Deploy ADK Multimodal Agent with Gemini 3.1 on Lightsail

Streamlined Environment Setup for Reproducible Builds

Install pyenv to manage Python 3.13 versions across platforms, ensuring consistent ML/AI library support: git clone https://github.com/pyenv/pyenv. Use nvm for Node.js: git clone https://github.com/nvm-sh/nvm. Install Gemini CLI via npm install -g @google/gemini-cli and authenticate with Google account or API key. Clone the gemini31-lightsail repo from https://github.com/xbill9/gemini-cli-aws, then source init.sh (or set_env.sh for re-auth) to configure PROJECT_ID and other vars. This creates a minimal viable setup for ADK agents using Gemini Live API, avoiding version conflicts that plague Python deployments.

Build frontend with make frontend (uses Vite: npm install && npm run build), producing dist/assets/index-*.js (214 kB) and CSS (21 kB). Test mock UI server via make mock at http://127.0.0.1:8080/ to validate browser multimedia without model calls.

Local Testing Validates Multimodal Capabilities

Verify ADK install with make testadk: runs biometric_agent CLI (adk run biometric_agent), responds to 'hello' with 'Scanner Online'. Test full web interface via make adk at http://127.0.0.0:8000/ (add --allow_origins 'regex:.*' for Cloud Shell CORS). Lint with make lint (Ruff checks 10 files, ESLint frontend). Run pytest via make test: 8 tests pass in 2.59s (biometric_agent, live_connection, ws_backend_v2).

Launch full app with make run (sources biosync.sh, 2.0 FPS, 10s heartbeat) at http://127.0.0.1:8080/, serving static files from frontend/dist. This confirms real-time audio/video streaming with client-side Worklet for off-main-thread processing, raw binary streams (no JSON wrapper overhead), and CLI detection to skip Live model errors.
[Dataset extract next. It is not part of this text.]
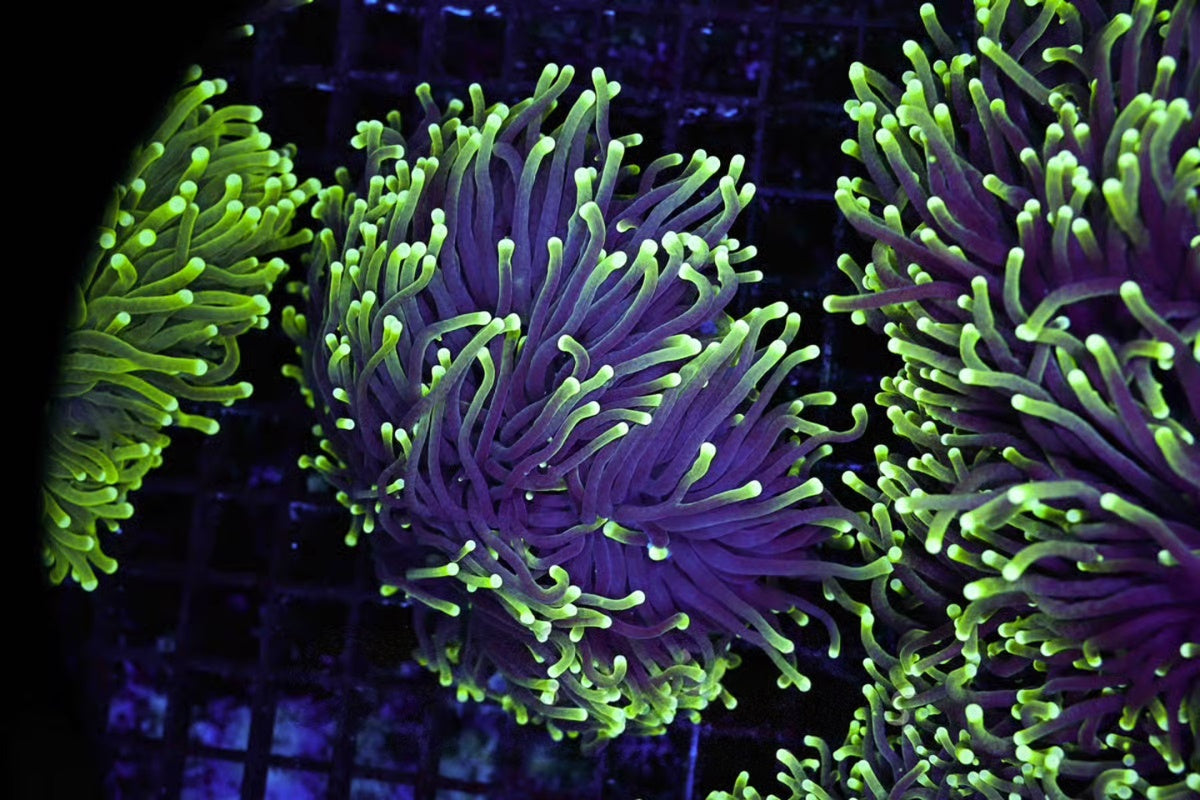 Green Tip Torch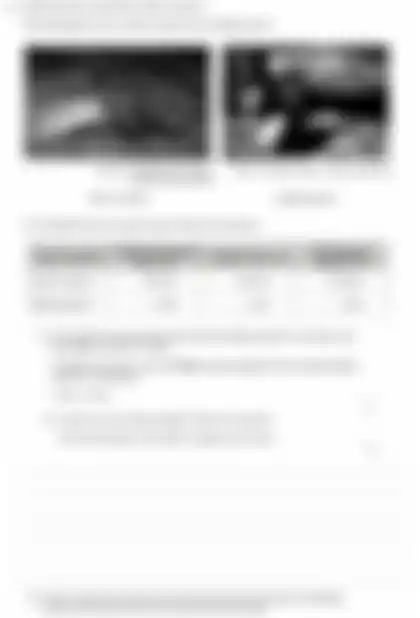 Blurred preview of the question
One-Command Lightsail Deployment and Gemini 3.1 Adaptations

Deploy via make deploy (runs save-aws-creds.sh, deploy-lightsail.sh): creates container service visible in Lightsail console (https://lightsail.aws.amazon.com/ls/webapp/home/containers). Check make status (ACTIVE/DEPLOYING), get endpoint with make endpoint (e.g., https://biometric-scout-service.6wpv8vensby5c.us-east-1.cs.amazonlightsail.com/). Access UI for live multimodal interactions: audio/video processed by Gemini 3.1 Flash Live.

Key upgrades from original Google codelab: Switch Vertex AI (PROJECT_ID/REGION) to Gemini API (API key only); add monkey-patch translation layer for ADK's partial 3.1 Live support (see GEMINI.md for GitHub issues); re-architect protocol for raw audio/video; update client audio to Worklet; extend ADK CLI for Live models. Enables low-latency, emotionally aware speech in 200+ countries, outperforming prior setups on real-time bidirectional streaming.